The Lesson: Life and death are a package deal. They cannot be pulled apart and we cannot truly live unless we are aware of death – which is why Frank Ostaseski has distilled everything he has learned from dealing with over 1,000 dying people into five key lessons: don’t wait; welcome everything; bring your whole self into every experience; find a place of rest; and cultivate a ‘don’t know’ mindset.
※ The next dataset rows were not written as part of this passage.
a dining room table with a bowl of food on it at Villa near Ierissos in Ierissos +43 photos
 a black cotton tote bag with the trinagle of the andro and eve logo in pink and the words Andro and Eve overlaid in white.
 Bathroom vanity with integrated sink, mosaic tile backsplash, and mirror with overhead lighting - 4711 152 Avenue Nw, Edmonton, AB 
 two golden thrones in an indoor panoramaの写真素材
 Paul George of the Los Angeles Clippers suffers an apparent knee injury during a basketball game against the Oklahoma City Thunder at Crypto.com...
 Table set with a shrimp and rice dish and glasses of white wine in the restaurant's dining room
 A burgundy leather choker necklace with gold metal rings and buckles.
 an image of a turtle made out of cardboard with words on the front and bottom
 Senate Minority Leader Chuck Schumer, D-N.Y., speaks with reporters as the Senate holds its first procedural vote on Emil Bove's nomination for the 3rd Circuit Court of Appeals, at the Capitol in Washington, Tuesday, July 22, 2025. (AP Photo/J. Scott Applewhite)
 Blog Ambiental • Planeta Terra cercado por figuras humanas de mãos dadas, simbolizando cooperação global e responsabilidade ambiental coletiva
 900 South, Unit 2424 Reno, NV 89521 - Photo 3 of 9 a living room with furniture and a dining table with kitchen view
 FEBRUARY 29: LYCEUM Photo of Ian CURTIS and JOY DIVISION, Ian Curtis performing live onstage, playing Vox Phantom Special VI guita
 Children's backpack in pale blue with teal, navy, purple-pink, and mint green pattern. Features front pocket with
Notable Excerpt: “Dying is inevitable and intimate. And … dying people, people like you and I, the people in these photos, they find a way to meet the unbearable, the unimaginable, in remarkable ways, actually. This isn’t a fairy tale or some happy ending story, you know? It’s a transformation of tragedy. This discovery happens regularly in people. They find something that allows them to be larger than the small separate self they’ve taken themselves to be. Now you might think, ‘too late’ and I would agree it’s too late; too late to do that work then. But here’s the thing: if that possibility for transformation exists at the time of dying, then it exists now. We don’t have to wait till the time of our dying to learn the lessons it has to teach.”

The Speaker: Frank Ostaseski is the co-founder of The Zen Hospice Project, which is the first Buddhist hospice in America. An expert on dealing with death and end-of-life issues, Ostaseski has taught dozens of workshops on how to deal with the challenges faced by the dying. Not only that, the Dalai Lama honored Ostaseski for the compassion that he has shown dying Americans. His book, “The Five Invitations: Discovering What Death Can Teach Us About Living Fully” has been published in different languages across five continents.